LWN.net Logo

Kernel Summit 2005: Virtual memory topics

From LWN's 2005 Kernel Summit coverage.
The 2005 Kernel Summit included three sessions dedicated to virtual memory issues. The first of those, led by Dave Hansen, addressed the issue of memory fragmentation. The kernel allocates memory by pages; over time, most of physical memory ends up broken into individual pages, and allocating multiple, contiguous pages ("high-order allocations") becomes difficult. In many parts of the kernel, much effort has been expended to avoid the need for high-order allocations; as long as kernel code only needs to allocate individual pages, chances are that its allocations will succeed.

There are some places, however, where memory fragmentation remains a problem. One of those is memory hotplug; before memory can be removed from the system, the entire affected block must be freed.

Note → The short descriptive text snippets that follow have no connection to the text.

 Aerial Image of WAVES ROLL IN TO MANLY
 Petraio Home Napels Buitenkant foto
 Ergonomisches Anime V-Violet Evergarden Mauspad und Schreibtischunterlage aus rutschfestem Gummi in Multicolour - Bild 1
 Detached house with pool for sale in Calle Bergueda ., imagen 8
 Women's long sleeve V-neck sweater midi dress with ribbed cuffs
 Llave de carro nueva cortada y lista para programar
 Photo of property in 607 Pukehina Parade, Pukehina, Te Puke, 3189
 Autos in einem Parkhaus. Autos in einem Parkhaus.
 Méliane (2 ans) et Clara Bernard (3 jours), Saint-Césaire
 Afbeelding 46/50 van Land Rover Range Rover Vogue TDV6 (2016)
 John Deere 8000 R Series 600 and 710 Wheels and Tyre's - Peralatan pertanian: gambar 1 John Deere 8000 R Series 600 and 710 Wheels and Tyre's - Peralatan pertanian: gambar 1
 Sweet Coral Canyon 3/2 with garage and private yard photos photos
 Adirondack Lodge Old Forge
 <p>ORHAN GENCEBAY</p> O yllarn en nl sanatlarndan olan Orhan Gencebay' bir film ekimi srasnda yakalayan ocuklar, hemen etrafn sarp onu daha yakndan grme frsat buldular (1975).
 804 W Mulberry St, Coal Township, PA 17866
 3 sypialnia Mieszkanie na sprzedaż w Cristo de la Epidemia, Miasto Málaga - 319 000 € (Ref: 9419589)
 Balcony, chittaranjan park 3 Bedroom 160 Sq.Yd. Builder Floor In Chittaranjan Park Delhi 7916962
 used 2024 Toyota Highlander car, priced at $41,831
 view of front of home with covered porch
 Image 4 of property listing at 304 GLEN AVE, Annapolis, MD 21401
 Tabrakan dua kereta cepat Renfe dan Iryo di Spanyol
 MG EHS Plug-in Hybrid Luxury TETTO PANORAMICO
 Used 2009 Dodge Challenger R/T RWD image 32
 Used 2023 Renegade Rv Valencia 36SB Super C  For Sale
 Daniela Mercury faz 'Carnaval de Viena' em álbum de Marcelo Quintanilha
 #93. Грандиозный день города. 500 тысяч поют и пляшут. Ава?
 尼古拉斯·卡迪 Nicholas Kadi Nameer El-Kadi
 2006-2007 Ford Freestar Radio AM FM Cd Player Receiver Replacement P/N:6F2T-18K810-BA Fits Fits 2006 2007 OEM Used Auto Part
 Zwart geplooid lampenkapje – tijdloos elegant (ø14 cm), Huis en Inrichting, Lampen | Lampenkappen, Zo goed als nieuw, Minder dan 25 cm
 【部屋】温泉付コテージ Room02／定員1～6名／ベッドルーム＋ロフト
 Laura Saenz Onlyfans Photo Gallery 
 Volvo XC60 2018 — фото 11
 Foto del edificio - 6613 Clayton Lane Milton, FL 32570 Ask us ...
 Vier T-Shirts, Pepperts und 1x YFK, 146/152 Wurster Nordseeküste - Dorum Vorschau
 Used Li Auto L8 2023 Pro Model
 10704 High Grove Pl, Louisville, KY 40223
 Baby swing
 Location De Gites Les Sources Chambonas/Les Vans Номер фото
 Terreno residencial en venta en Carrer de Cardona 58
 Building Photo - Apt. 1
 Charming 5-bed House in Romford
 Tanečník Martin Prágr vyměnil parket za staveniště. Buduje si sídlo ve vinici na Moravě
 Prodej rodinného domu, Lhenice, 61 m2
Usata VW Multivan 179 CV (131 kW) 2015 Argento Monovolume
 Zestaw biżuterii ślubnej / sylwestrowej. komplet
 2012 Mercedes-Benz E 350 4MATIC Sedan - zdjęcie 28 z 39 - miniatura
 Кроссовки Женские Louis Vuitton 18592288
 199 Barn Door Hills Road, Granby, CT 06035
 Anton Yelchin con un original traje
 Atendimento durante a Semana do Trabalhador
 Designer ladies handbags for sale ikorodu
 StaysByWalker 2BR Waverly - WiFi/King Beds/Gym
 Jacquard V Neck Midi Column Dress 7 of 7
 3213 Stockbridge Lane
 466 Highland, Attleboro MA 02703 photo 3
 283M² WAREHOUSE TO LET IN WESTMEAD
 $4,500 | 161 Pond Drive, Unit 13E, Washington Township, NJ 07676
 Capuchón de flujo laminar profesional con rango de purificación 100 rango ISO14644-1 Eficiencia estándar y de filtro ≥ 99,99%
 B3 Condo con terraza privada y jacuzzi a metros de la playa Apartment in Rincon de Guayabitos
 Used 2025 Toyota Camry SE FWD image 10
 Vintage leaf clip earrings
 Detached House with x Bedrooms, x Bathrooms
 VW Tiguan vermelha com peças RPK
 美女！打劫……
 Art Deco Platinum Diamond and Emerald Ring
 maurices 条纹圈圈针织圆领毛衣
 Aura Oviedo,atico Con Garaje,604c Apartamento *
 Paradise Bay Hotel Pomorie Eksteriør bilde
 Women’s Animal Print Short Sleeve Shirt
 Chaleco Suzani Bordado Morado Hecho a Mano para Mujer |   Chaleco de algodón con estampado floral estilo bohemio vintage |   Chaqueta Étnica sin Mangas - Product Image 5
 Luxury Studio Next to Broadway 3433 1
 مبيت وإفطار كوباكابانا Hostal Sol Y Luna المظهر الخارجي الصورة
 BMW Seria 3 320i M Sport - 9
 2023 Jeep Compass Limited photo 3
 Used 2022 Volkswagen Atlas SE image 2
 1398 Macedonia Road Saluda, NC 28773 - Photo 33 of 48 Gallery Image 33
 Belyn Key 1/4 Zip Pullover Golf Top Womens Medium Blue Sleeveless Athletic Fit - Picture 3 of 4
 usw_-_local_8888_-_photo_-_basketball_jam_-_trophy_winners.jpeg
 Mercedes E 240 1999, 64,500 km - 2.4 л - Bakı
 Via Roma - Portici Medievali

If that memory has been split into many pieces, some of which are not freeable, removing the memory is impossible. Virtualization schemes (Xen in particular) also run into this problem; they employ a sort of virtual memory hotplugging to quickly move pages from one virtual machine to another.

This "memory ballooning" technique runs into another problem: each client must maintain a struct page structure for every page which might, at some point, be part of its virtual machine. The resulting overhead (which is replicated across all virtual machines running on the host) can be quite large. The sparse memory patches which have been circulating recently help in this regard, but there is more to be done. Fragmentation makes the problem worse, since a larger address space must be maintained to get sufficiently large contiguous areas.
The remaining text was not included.